But then I heard that people were successfully using local HTTP proxies as a workaround. It should be pretty rare for that to actually help with download speeds, which made this sound like a much more interesting problem.

This is going to be a long-winded technical post. If you're not interested in the details of the investigation but just want a recommendation on speeding up PS4 downloads, skip straight to the conclusions.

Background

Before running any experiments, it's good to have a mental model of how the thing we're testing works, and where the problems might be. If nothing else, it will guide the initial experiment design.

The speed of a steady-state TCP connection is basically defined by three numbers. The amount of data the client is will to receive on a single round-trip (TCP receive window), the amount of data the server is willing to send on a single round-trip (TCP congestion window), and the round trip latency between the client and the server (RTT). To a first approximation, the connection speed will be:

speed = min(rwin, cwin) / RTT

With this model, how could a proxy speed up the connection? Well, with a proxy the original connection will be split into two mostly independent parts; one connection between the client and the proxy, and another between the proxy and the server. The speed of the end-to-end connection will be determined by the slower of those two independent connections:

speed_proxy_client = min(client rwin, proxy cwin) / client-proxy RTT speed_server_proxy = min(proxy rwin, server cwin) / proxy-server RTT speed = min(speed_proxy_client, speed_server_proxy)

With a local proxy the client-proxy RTT will be very low; that connection is almost guaranteed to be the faster one. The improvement will have to be from the server-proxy connection being somehow better than the direct client-server one. The RTT will not change, so there are just two options: either the client has a much smaller receive window than the proxy, or the client is somehow causing the server's congestion window to decrease. (E.g. the client is randomly dropping received packets, while the proxy isn't).

Out of these two theories, the receive window one should be much more likely, so we should concentrate on it first. But that just replaces our original question with a new one: why would the client's receive window be so low that it becomes a noticeable bottleneck? There's a fairly limited number of causes for low receive windows that I've seen in the wild, and they don't really seem to fit here.

Maybe the client doesn't support the TCP window scaling option, while the proxy does. Without window scaling, the receive window will be limited to 64kB. But since we know Sony started with a TCP stack that supports window scaling, they would have had to go out of their way to disable it. Slow downloads, for no benefit.

Maybe the actual downloader application is very slow. The operating system is supposed to have a certain amount of buffer space available for each connection. If the network is delivering data to the OS faster than the application is reading it, the buffer will start to fill up, and the OS will reduce the receive window as a form of back-pressure. But this can't be the reason; if the application is the bottleneck, it'll be a bottleneck with or without the proxy.

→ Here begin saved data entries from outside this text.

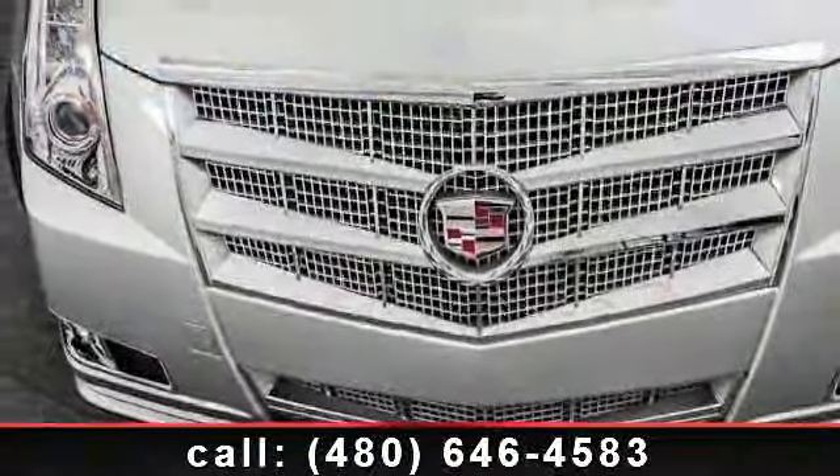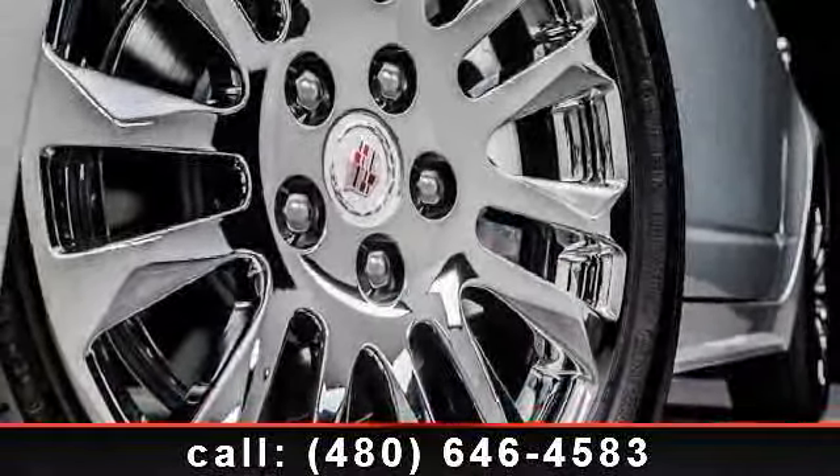This vehicle comes with a reliable 6-cylinder engine, connected to a smooth shifting automatic transmission.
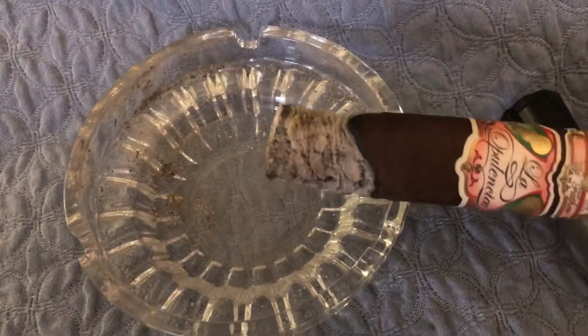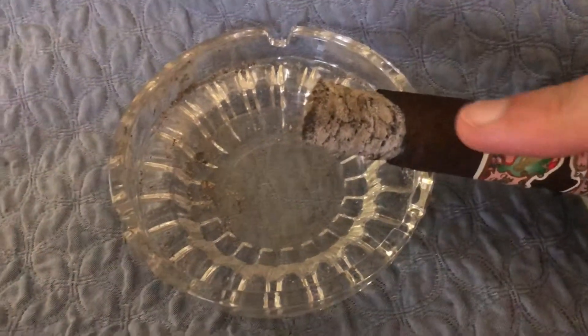The burn's okay. I haven't had to relight it yet. It's holding together very well. That's from the start right there — it's just almost a half inch difference in the height right here. So other than that, I'm liking it so far. Back in a little bit with the wrap up.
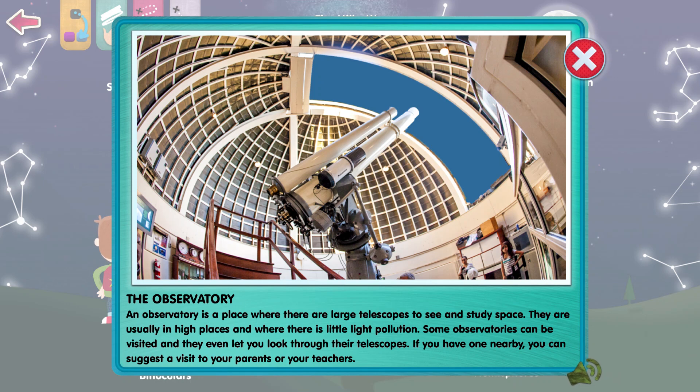An observatory is a place where there are large telescopes to see and study space. They're usually in high places and where there's little light pollution. Some observatories can be visited, and they even let you look through their telescopes. If you have one nearby, you can suggest a visit to your parents or your teachers.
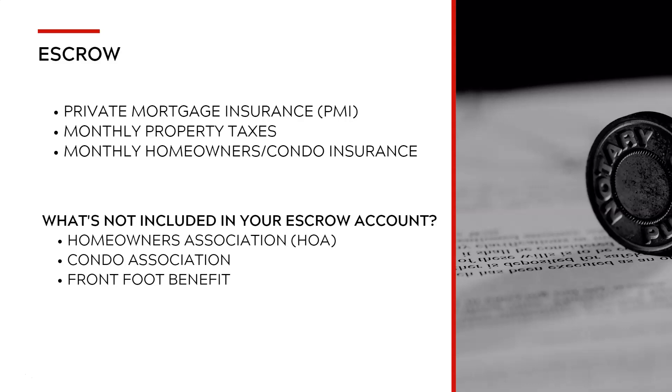Something to keep in mind: if you have a condo, you're not going to have homeowners insurance also. It's either one or the other. You're not going to have to have both homeowners insurance and condo insurance — that's just one item, a different kind of policy.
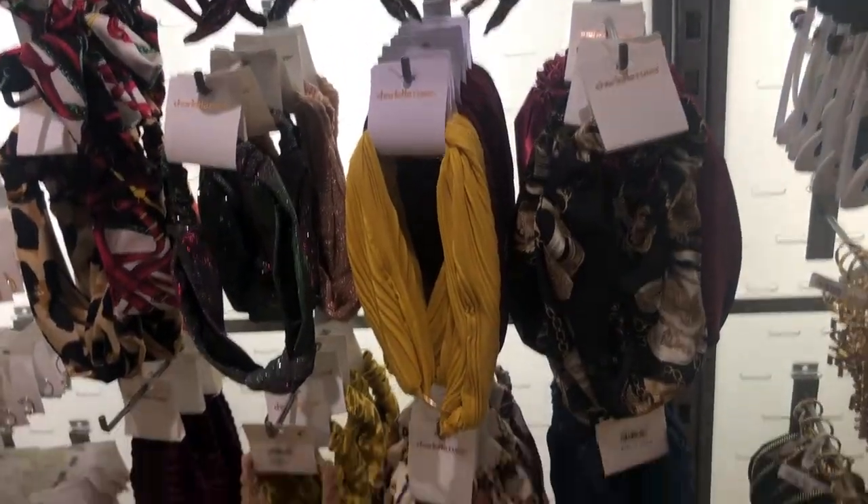Cute headbands — I love headbands. Okay y'all, I am done. I'm leaving the mall now. I didn't find the real reason why I came, but I got the price so I'll probably be back to get it. It's so hot outside — it doesn't even feel like winter, but it is because it's gonna be cold again this weekend.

The operating system is trying to dynamically scale the receive window to match the actual network conditions, but something is going wrong. This would be interesting, so it's what we're hoping to find.

The initial theories are in place, let's get digging.

Experiment #1

For our first experiment, we'll start a PSN download on a baseline non-Slim PS4, firmware 4.73. The network connection of the PS4 is bridged through a Linux machine, where we can add latency to the network using tc netem . By varying the added latency, we should be able to find out two things: whether the receive window really is the bottleneck, and whether the receive window is being automatically scaled by the operating system.

This is what the client-server RTTs (measured from a packet capture using TCP timestamps) look like for the experimental period. Each dot represents 10 seconds of time for a single connection, with the Y axis showing the minimum RTT seen for that connection in those 10 seconds.

The next graph shows the amount of data sent by the server in one round trip in red, and the receive windows advertised by the client in blue.

First, since the blue dots are staying constantly at about 128kB, the operating system doesn't appear to be doing any kind of receive window scaling based on the RTT. (So much for that theory). Though at the very right end of the graph the receive window shoots out to 650kB, so it isn't totally fixed either.

Second, is the receive window the bottleneck here? If so, the blue dots would be close to the red dots. This is the case until about 10:50. And then mysteriously the bottleneck moves to the server.

So we didn't find quite what we were looking for, but there are a couple of very interesting things that are correlated with events on the PS4.

The download was in the foreground for the whole duration of the test. But that doesn't mean it was the only thing running on the machine. The Netflix app was still running in the background, completely idle [1]. When the background app was closed at 11:00, the receive window increased dramatically. This suggests a second experiment, where different applications are opened / closed / left running in the background.

The time where the receive window stops being the bottleneck is very close to the PS4 entering rest mode. That looks like another thing worth investigating. Unfortunately, that's not true, and rest mode is a red herring here. [2]

Experiment #2

Below is a graph of the receive windows for a second download, annotated with the timing of various noteworthy events.

The differences in receive windows at different times are striking. And more important, the changes in the receive windows correspond very well to specific things I did on the PS4.

When the download was started, the game Styx: Shards of Darkness was running in the background (just idling in the title screen). The download was limited by a receive window of under 7kB. This is an incredibly low value; it's basically going to cause the downloads to take 100 times longer than they should . And this was not a coincidence, whenever that game was running, the receive window would be that low.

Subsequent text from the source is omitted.